12. Terlindunginya hak-hak manusia oleh Undang-Undang Dasar serta keputusan-keputusan pengadilan.
Birokrasi yang Demokratis
Pergerakkan menuju demokrasi tidak hanya berlangsung dalam nilai-nilai social kemasyarakatan secara fundamental tetapi sebagaimana yang telah saya singgung di atas bahwa kondisi ini pula berimplikasi pada penyelenggaraan pemerintahan atau birokasi pemerintah. Hal ini tercermin pola penyelenggaraan pemerintahan yang berlangsung secara politis dan peranan birokrasi dalam menjalankan tugas dan fungsinya yang tidak hanya menjadi pelaksana kebijakan (eksekutor) tetapi juga sebagai perumus kebijakan public (policy maker). Pergeseran peran ini mengharuskan lembaga-lemabaga birokrasi agar selalu responsive terhadap kebutuhan warga Negara.
Beberapa konsep yang mendukung adanya birokrasi yang demokrasi juga terlihat pada koreksi David Osborne dan Ted Gaebler terhadap paradigma birokrasi Weber yang hirarkis, disarankan untuk berubah menjadi birokrasi yang memperhatikan partisipasi, kerja tim dan kontrol rekan kerja (peer group), bukan lagi dominasi atau kontrol atasan. Hal itu disarankan oleh Osborne dan Gaebler supaya menjadi birokrasi yang memiliki paradigm baru yang antara lain adalah sebagai berikut:
1. Catalytic Government
Steering rather than rowing. Pemerintah sebagai katalis, lebih baik menyetir daripada mendayung. Pemerintah dan birokrasinya disarankan untuk melepaskan bidang-bidang atau pekerjaan yang sekiranya sudah dapat dikerjakan oleh masyarakat sendiri.

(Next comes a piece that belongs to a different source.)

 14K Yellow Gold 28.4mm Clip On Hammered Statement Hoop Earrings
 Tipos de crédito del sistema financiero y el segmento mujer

Dari sisi ini, birokrasi telah mempraktekan nilai kebebasan atau demokrasi. Dimana pemerintah memberikan ruang kepada masyarakat untuk mengatur bidang-bidang kehidupan yang berguna bagi kelangsungan hidup mereka dan hal ini tidak terjadi pada pemerintahan yang otoriter.
2. Community-Owned Government
Empowering rather than serving. Pemerintah adalah milik masyarakat: lebih baik memberdayakan daripada melayani. Pemerintah dipilih oleh wakil masyarakat, karenanya menjadi milik masyarakat. Pemerintah akan bertindak lebih utama jika memberikan pemberdayaan kepada masyarakat untuk mengurus masalahnya secara mandiri, daripada menjadikan masyarakat tergantung terhadap pemerintah.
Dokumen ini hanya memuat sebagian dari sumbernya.